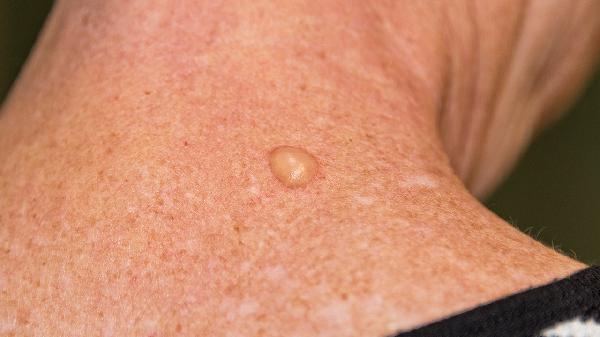 春季皮膚干燥適合吃什么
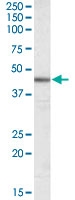 PAB6668 - ACTA2 / aortic smooth muscle Actin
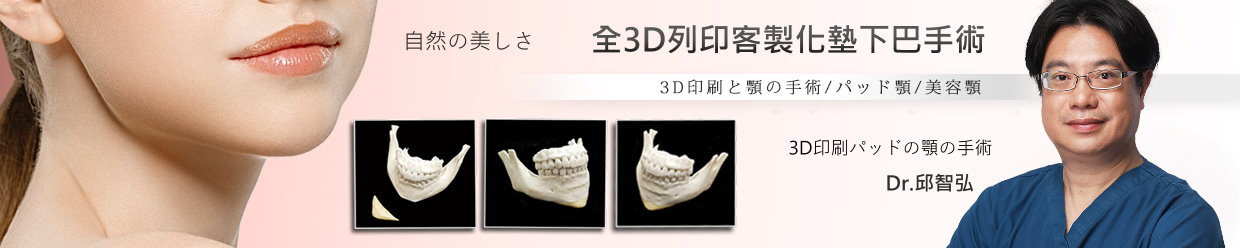全3D列印墊下巴手術 - 全程3D列印墊下巴技術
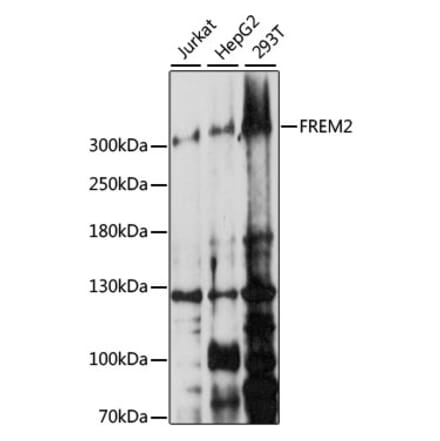 Western Blot - Anti-FREM2 Antibody (A89328) - Antibodies.com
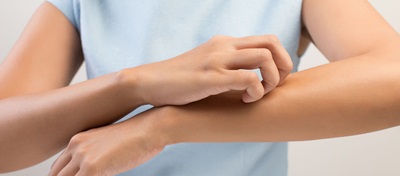 A woman with allergic contact dermatitis scratching her arm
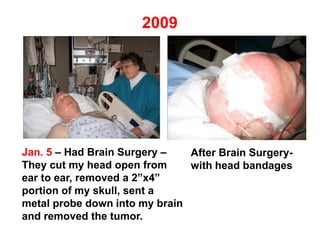 Jan. 5 – Had Brain Surgery –
They cut my head open from
ear to ear, removed a 2”x4”
portion of my skull, sent a
metal probe down into my brain
and removed the tumor.
After Brain Surgery-
with head bandages
2009
 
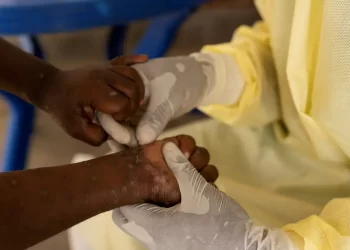 Casos de mpox no Brasil este ano já superam o total de 2023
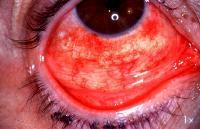 Conjunctiva (Cont d) Epidemic Keratoconjunctivitis (EKC): A type of adenovirus ocular infection Sudden onset of acute follicular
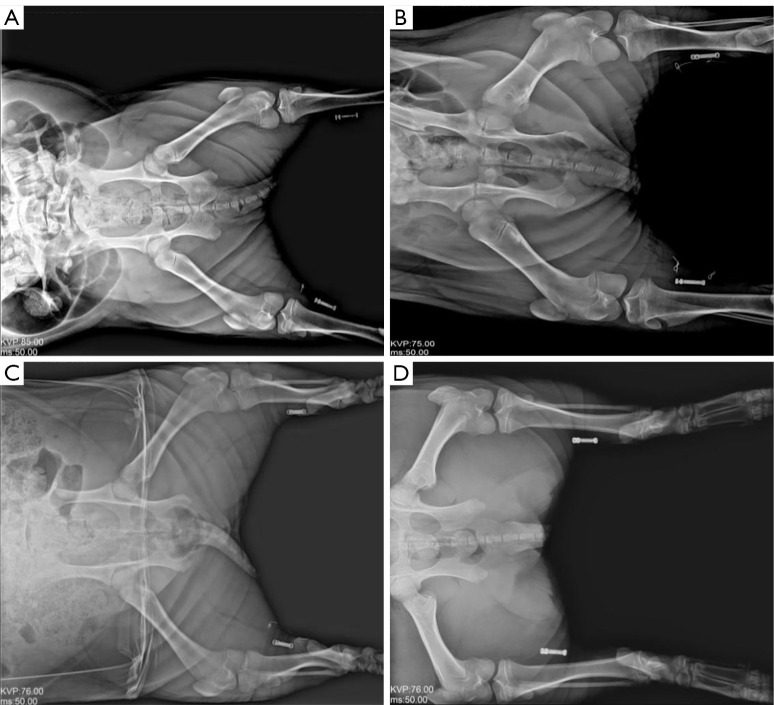 Effect of a novel implantable tibial nerve stimulation system on overactive bladder in pigs.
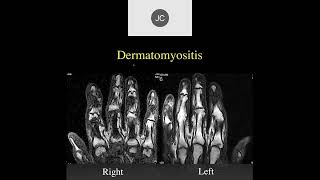 MRI of the Wrist Part 15  Wrist Inflammation [upl. by Anahpos452]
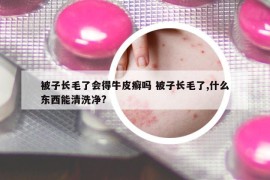 被子長(zhǎng)毛了會(huì)得牛皮癬嗎 被子長(zhǎng)毛了,什么東西能清洗凈?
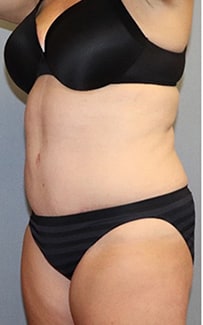 Tummy Tuck Before And After Photo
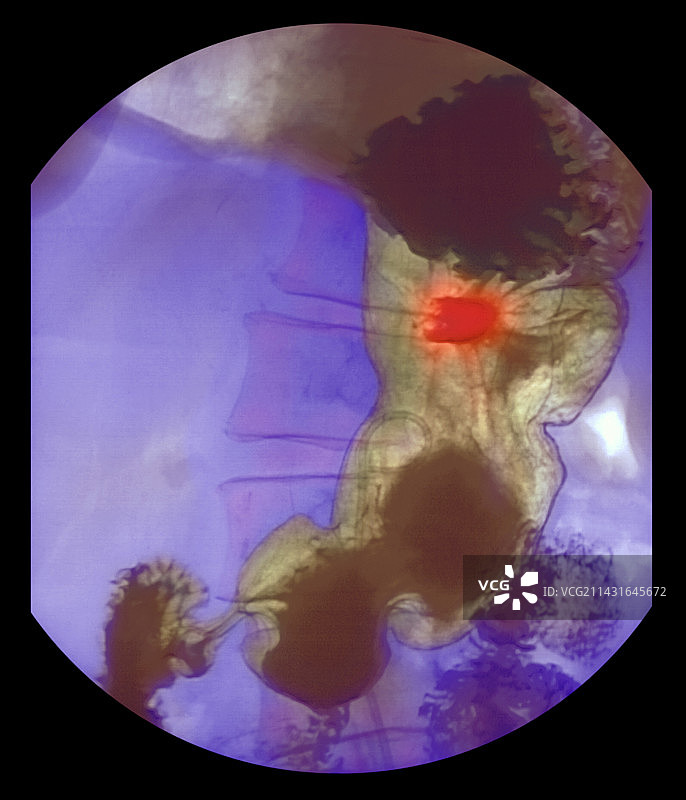 胃溃疡X光片图片素材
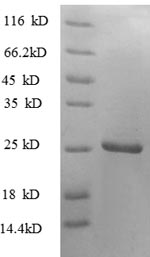 SDS-PAGE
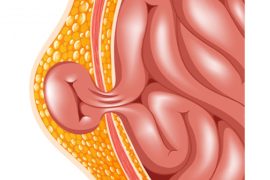 Hernia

===============

§ ACTIVITY: The required output is the exact lines from the opening line of the entries through the line with "Conjunctiva (Cont d)", inclusive, without pictures.

§ PROBLEM SOLUTION:
 春季皮膚干燥適合吃什么
 PAB6668 - ACTA2 / aortic smooth muscle Actin
全3D列印墊下巴手術 - 全程3D列印墊下巴技術
 Western Blot - Anti-FREM2 Antibody (A89328) - Antibodies.com
 A woman with allergic contact dermatitis scratching her arm
 Jan. 5 – Had Brain Surgery –
They cut my head open from
ear to ear, removed a 2”x4”
portion of my skull, sent a
metal probe down into my brain
and removed the tumor.
After Brain Surgery-
with head bandages
2009
 
 Casos de mpox no Brasil este ano já superam o total de 2023
 Conjunctiva (Cont d) Epidemic Keratoconjunctivitis (EKC): A type of adenovirus ocular infection Sudden onset of acute follicular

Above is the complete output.